Si se desbroza la retórica empapada de presunciones seudoideológicas, uno advierte el estremecedor parecido de esas formas de encarar la vida de una nación y de proponerle ideas a la sociedad civil. Cuando Massimo Cacciari, el filósofo que fue intendente de Venecia, alude al mamarracho berlusconiano, no está haciendo profesión de fe de elitismo para minorías cultas. Alude al escenario que denota la podredumbre medular que convierte en fealdad esencial un estado de cosas que ha reducido la política a un espectáculo y ha hecho de los medios el escenario de una batalla bochornosa en la que los recursos públicos son desfachatadamente confiscados por los gerentes temporales del poder político nacional.
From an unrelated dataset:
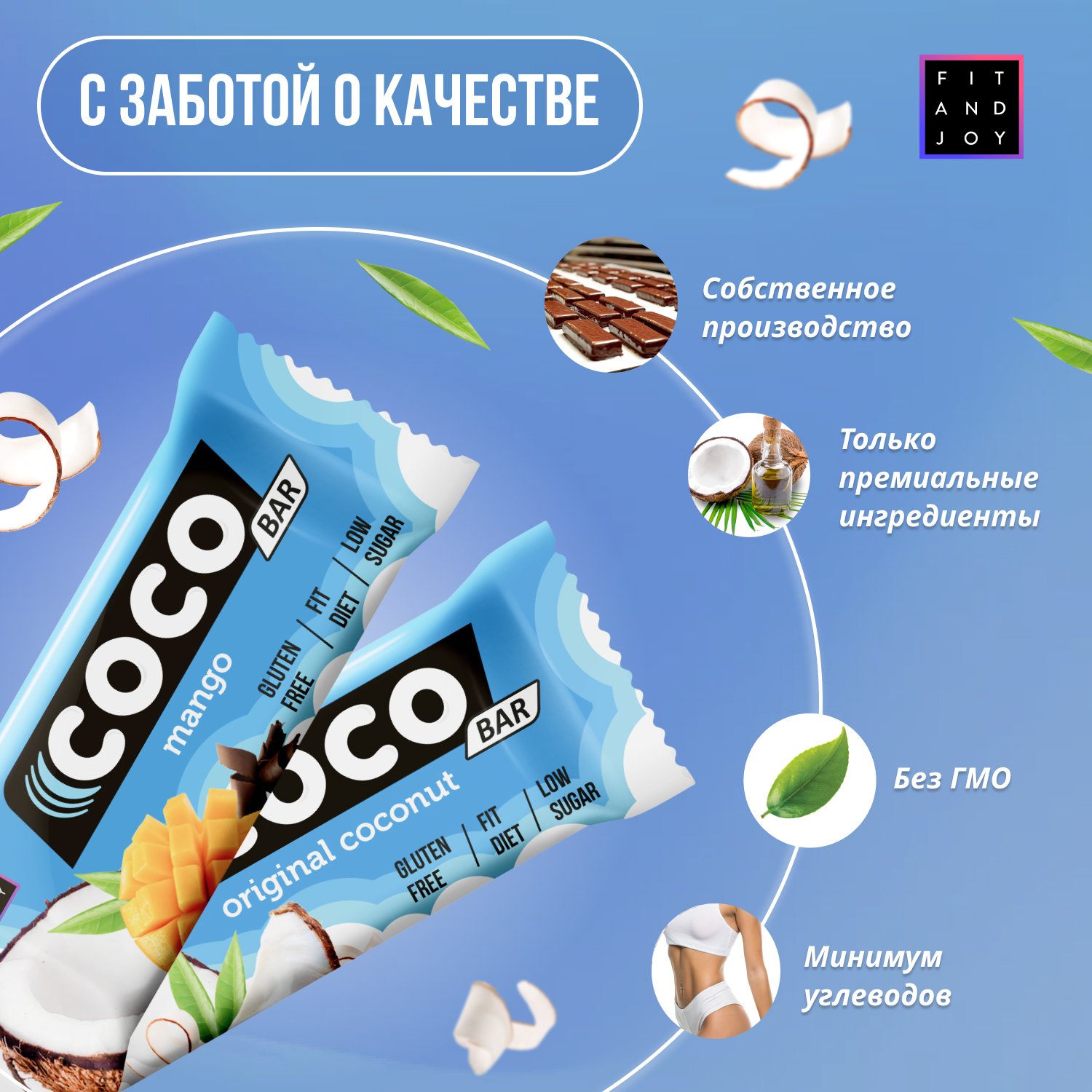 Кокосовый батончик FIT AND JOY микс из 4-х вкусов набор 16 шт - фото 2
La ausencia de ese “pensamiento largo” que, con palabras de antiguo jefe del PC italiano, Enrico Berlinguer, menciona Veltroni es otro rasgo que hoy uniforma y asocia a estos populismos, ya sea en su modelo otoñal europeo como en su encarnación sudamericana post peronista. Un personaje como Guillermo Moreno pertenece por derecho propio más a un modelo berlusconiano que al de una república democrática y civil. Casos de camaleonismo ululante, como el de Amado Boudou, forma más parte de una gramática “bunga bunga” que de los trabajos y esfuerzos de un progresismo serio y consistente.
La Italia de Berlusconi, como la Argentina 2003-2011, exhiben panorámicas mortificantemente similares, incluyendo la gestión del Estado como “cosa nostra”, la devoción bárbara al poder vertical, el escarnio o compra de los jueces, el apoderamiento de los medios (sobre todo la TV) como joya de la corona del poder, la apelación a un lenguaje brutal disfrazado de honestidad y maquillado como anti hipocresía. En el medio, un vacío. Como explica Pier Luigi Bersani, el jefe del Partido Democrático (la encarnación siglo XXI del viejo PCI de Gramsci, Togliatti y Berlinguer), si los partidos políticos no se relegitiman y renacen, y “dado que en la política no existe el vacío, corremos el riesgo de que caigamos en una forma de populismo personalizado”.
Hay gestos, fotos y palabras que revelan desde su profunda elocuencia el vacío pavoroso de una política instalada obscenamente en el control salvaje de los recursos. Con o sin “relato”, es el mismo escenario de voracidad desaforada. El brillante domingo de Pascua, en una Roma saturada de gente y color y vitalidad, La Repubblica reveló que en 2010 los canales de TV de Berlusconi atraparon el 63% de la inversión publicitaria en ese formato, contra el 23% de la estatal RAI. ¿Conflictos de interés? En la matriz de los populismos, las palabras son lo de menos. Sólo cuenta “agarrar” la conducción y preservarse en ella. Agarrar viene de garras.
Por eso, aun cuando el vértigo desagradable que suscitan los vacíos es una realidad innegable y es lo que se advierte en más de la mitad de los argentinos, la experiencia de los modelos pre democráticos permite barruntar escenarios de ocurrencia casi obligatoria. Pero, ¿quién pagará por todo esto? Porque de algo no hay dudas, tras ciclos reiterados de espasmos retóricos supuestamente alternativos, la Argentina muestra cansancio de las palabras y de la prepotencia, presentadas como sinónimos de “gobernabilidad”. Nadie sabe si en las profundidades de la experiencia colectiva ya han nacido y crecen las opciones que abran el camino al fin del inmovilismo y a la superación de esos odios recalentados que han marcado a fuego la hoy crepuscular era kirchnerista.